▸ **What the task requires**
Repeat the lines below exactly as written, please, from the line with "Research on Teaching" to the line with "Half the world's", both lines included, and no others.

Data records
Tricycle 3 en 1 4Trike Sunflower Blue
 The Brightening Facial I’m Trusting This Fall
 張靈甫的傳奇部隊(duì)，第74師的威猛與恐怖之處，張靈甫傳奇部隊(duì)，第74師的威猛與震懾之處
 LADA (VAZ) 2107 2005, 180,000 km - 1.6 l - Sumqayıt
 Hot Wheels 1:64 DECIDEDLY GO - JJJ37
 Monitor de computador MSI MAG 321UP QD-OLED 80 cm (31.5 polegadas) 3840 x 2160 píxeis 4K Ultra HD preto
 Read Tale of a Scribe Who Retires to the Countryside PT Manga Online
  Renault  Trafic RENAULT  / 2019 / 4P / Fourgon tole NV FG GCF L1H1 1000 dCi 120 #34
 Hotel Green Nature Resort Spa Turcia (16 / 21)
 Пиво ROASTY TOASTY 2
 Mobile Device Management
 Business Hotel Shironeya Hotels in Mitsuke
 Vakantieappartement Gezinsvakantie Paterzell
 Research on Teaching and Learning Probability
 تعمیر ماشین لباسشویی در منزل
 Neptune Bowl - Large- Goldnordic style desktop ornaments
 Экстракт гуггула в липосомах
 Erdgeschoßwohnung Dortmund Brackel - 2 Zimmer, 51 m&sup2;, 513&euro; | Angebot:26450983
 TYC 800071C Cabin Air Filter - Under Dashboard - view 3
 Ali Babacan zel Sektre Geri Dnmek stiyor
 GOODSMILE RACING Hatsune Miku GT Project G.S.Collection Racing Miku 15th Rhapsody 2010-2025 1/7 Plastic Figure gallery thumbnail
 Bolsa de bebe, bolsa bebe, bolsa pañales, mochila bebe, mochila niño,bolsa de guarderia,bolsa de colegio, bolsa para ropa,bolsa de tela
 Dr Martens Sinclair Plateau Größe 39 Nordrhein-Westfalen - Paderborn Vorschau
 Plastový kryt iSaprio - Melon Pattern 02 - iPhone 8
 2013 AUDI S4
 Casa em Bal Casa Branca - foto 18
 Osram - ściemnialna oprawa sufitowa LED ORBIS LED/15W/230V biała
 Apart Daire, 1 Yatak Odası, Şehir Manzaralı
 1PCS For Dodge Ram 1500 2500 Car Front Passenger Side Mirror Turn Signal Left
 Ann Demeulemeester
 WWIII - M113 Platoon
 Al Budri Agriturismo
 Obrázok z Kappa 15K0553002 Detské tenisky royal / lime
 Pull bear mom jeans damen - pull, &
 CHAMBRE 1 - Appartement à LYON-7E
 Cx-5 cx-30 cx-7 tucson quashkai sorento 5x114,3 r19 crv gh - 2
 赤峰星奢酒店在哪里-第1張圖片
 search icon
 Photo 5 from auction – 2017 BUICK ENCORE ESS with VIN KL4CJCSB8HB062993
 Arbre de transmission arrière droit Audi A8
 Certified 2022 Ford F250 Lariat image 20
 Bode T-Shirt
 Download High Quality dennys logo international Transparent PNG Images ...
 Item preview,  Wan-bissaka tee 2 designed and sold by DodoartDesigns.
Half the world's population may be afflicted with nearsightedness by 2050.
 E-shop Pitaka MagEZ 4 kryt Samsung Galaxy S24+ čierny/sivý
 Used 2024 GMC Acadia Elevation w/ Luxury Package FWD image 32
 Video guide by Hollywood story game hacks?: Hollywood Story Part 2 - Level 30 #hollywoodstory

▸ **Task output**
 Research on Teaching and Learning Probability
 تعمیر ماشین لباسشویی در منزل
 Neptune Bowl - Large- Goldnordic style desktop ornaments
 Экстракт гуггула в липосомах
 Erdgeschoßwohnung Dortmund Brackel - 2 Zimmer, 51 m&sup2;, 513&euro; | Angebot:26450983
 TYC 800071C Cabin Air Filter - Under Dashboard - view 3
 Ali Babacan zel Sektre Geri Dnmek stiyor
 GOODSMILE RACING Hatsune Miku GT Project G.S.Collection Racing Miku 15th Rhapsody 2010-2025 1/7 Plastic Figure gallery thumbnail
 Bolsa de bebe, bolsa bebe, bolsa pañales, mochila bebe, mochila niño,bolsa de guarderia,bolsa de colegio, bolsa para ropa,bolsa de tela
 Dr Martens Sinclair Plateau Größe 39 Nordrhein-Westfalen - Paderborn Vorschau
 Plastový kryt iSaprio - Melon Pattern 02 - iPhone 8
 2013 AUDI S4
 Casa em Bal Casa Branca - foto 18
 Osram - ściemnialna oprawa sufitowa LED ORBIS LED/15W/230V biała
 Apart Daire, 1 Yatak Odası, Şehir Manzaralı
 1PCS For Dodge Ram 1500 2500 Car Front Passenger Side Mirror Turn Signal Left
 Ann Demeulemeester
 WWIII - M113 Platoon
 Al Budri Agriturismo
 Obrázok z Kappa 15K0553002 Detské tenisky royal / lime
 Pull bear mom jeans damen - pull, &
 CHAMBRE 1 - Appartement à LYON-7E
 Cx-5 cx-30 cx-7 tucson quashkai sorento 5x114,3 r19 crv gh - 2
 赤峰星奢酒店在哪里-第1張圖片
 search icon
 Photo 5 from auction – 2017 BUICK ENCORE ESS with VIN KL4CJCSB8HB062993
 Arbre de transmission arrière droit Audi A8
 Certified 2022 Ford F250 Lariat image 20
 Bode T-Shirt
 Download High Quality dennys logo international Transparent PNG Images ...
 Item preview,  Wan-bissaka tee 2 designed and sold by DodoartDesigns.
Half the world's population may be afflicted with nearsightedness by 2050.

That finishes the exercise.